Il piano mette a disposizione 970 milioni di euro per il recupero del patrimonio di edilizia residenziale pubblica, con interventi dedicati alla manutenzione straordinaria, alla riconversione di immobili pubblici inutilizzati e alla demolizione con ricostruzione senza nuovo consumo di suolo. La gestione operativa sarà affidata a INVITALIA, che selezionerà i progetti attraverso bandi pubblici.
Priorità agli interventi inseriti in programmi di rigenerazione urbana e alle iniziative di edilizia convenzionata, a cui dovrà essere destinato almeno il 70% degli investimenti, per garantire canoni calmierati a famiglie, studenti e lavoratori, con prezzi inferiori di almeno il 33% rispetto ai valori di mercato.

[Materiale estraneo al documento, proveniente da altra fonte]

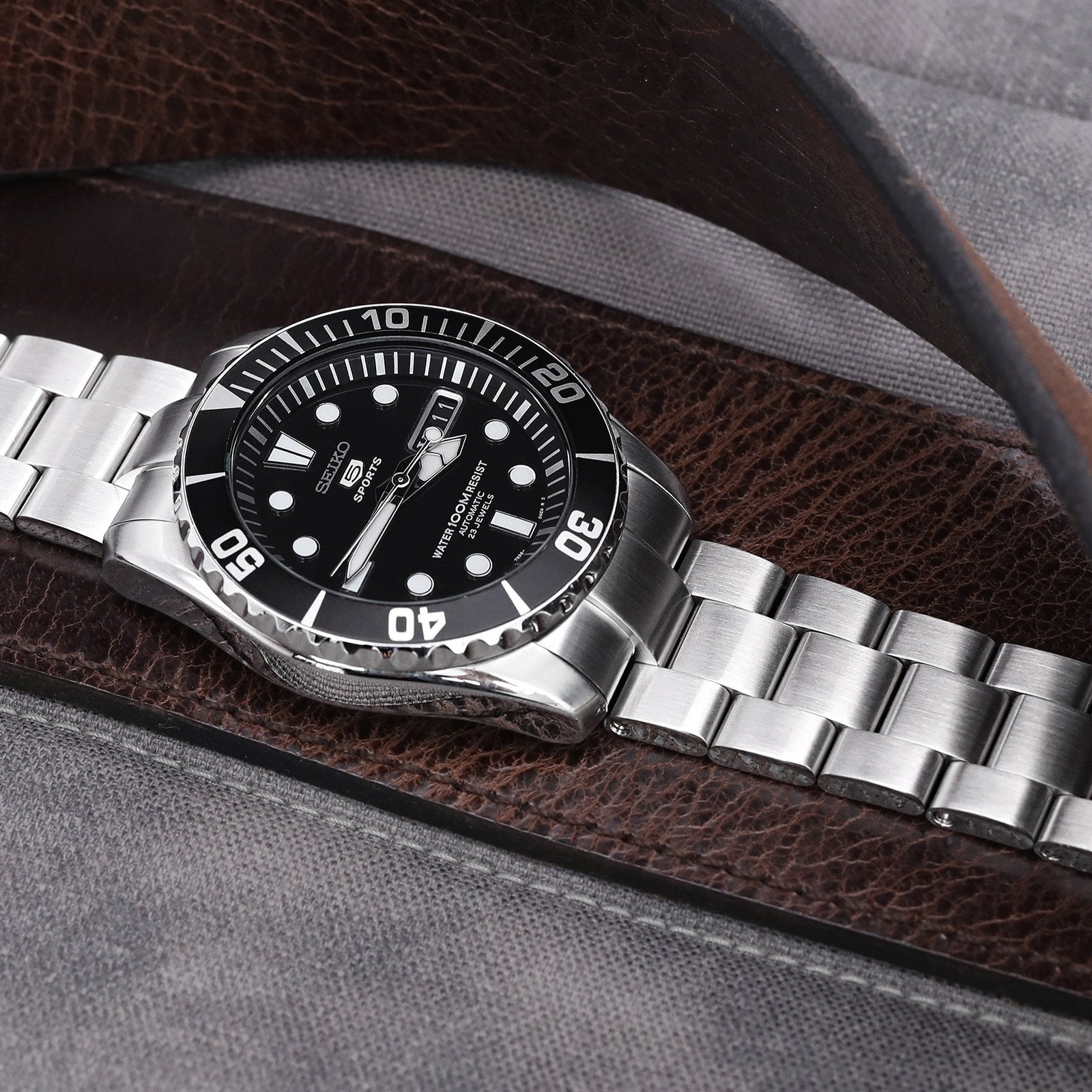 22mm Super-O Boyer Watch Bracelet for SEIKO SNZF17 Sea Urchin, Diver Clasp, Brushed Strapcode Watch Bands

Il decreto introduce inoltre una forte semplificazione delle procedure edilizie: per ristrutturazioni, demolizioni e ricostruzioni sarà possibile procedere tramite SCIA e conferenza di servizi semplificata, con tempi amministrativi ridotti.
Il nuovo Piano Casa rappresenta quindi un passaggio strategico per il settore immobiliare italiano, soprattutto per gli operatori attivi nella rigenerazione urbana, nello sviluppo immobiliare sostenibile e nella valorizzazione del patrimonio pubblico.